I remember my busia, mother and aunts making Polish biała kiełbasa (BEEYAH-wah keeyehw-BAH-sah) or white sausage every year for Easter and Christmas. It was an all-day job. The hog casings were rinsed and soaked to rid them of their salt, and the pork was cut by hand and stuffed into the casings using a metal funnel. The house was perfumed with the aroma of garlic for days.
Today, we have the luxury of electric meat grinders and extruders, making this a very simple process.
Every family has its own recipe. This is the way my family likes it.
Prep Time: 30 minutes
Cook Time: 1 hour
Total Time: 1 hour, 30 minutes
Yield: 4 pounds Polish White Sausage
- 14 feet hog casings, rinsed three times
- 4 pounds boneless, well-marbled pork shoulder, cut according to your grinder's directions
- 1/2 cup cold water
- 2 cloves garlic, crushed in press
- 4 teaspoons salt
- 1 teaspoon black pepper
- 1 teaspoon marjoram
- After rinsing hog casings, store in refrigerator until ready to use.
- In a small bowl, mix water, garlic, salt, pepper and marjoram and set aside.
- Cold meat grinds more easily, so keep the meat refrigerated until ready to grind. Coarsely grind the meat in a hand-cranked or electric grinder. Place meat in large bowl.

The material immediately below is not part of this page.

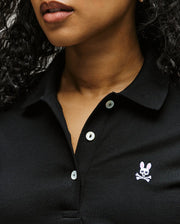 A close-up of a woman in the Psycho Bunny WOMENS PIQUE POLO - WT0100003, featuring white buttons and a 4k-stitch embroidered Bunny skull and crossbones logo; only her lips and lower face are visible.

- Combine water-spice mixture with meat until thoroughly incorporated. To make sure the seasonings are just right, fry a small patty and taste. Some people like to refrigerate the meat mixture, covered, overnight before stuffing so it flavors, but that's not necessary.
- Remove casings from refrigerator and knot one end. Lightly coat the stuffing funnel with cooking spray. Slip the other end of the casing over the mouth of the funnel. Continue to push remainder of casing up onto funnel until you have reached the knot.
- Begin to force the meat into the casing with one hand while using the other hand to control the thickness of the sausage as it is extruded.
- Remember, the sausage will shrink when it cooks, so you want a nice plump sausage. But be careful you don't overstuff or the casing will burst.
- Keep extruding until the casing is used up. Tie a knot in that end. You can either leave the sausage in a large coil or twist it at 6-inch intervals to make links.
- Store refrigerated and covered up to two days until ready to cook. Before cooking, prick sausage along the length of the link to allow air bubbles to escape. Otherwise they will explode in the cooking water.
- Place sausage in a large pot and cover with water. Bring to a boil over high heat. Reduce heat to medium-low and simmer uncovered for 1 hour (45 minutes if you also brown in the oven).
- Some people like to brown their cooked sausage in a 350-degree oven for about 20 minutes, turning frequently.
- Remove to a serving platter and enjoy with homemade horseradish known as "chrzan." When the horseradish is flavored with beets, it's called "cwikla."
- Don't throw away the cooking liquid. Save it to make a soup known as white "barszcz."
- Freeze uncooked or cooked sausage for up to 6 months.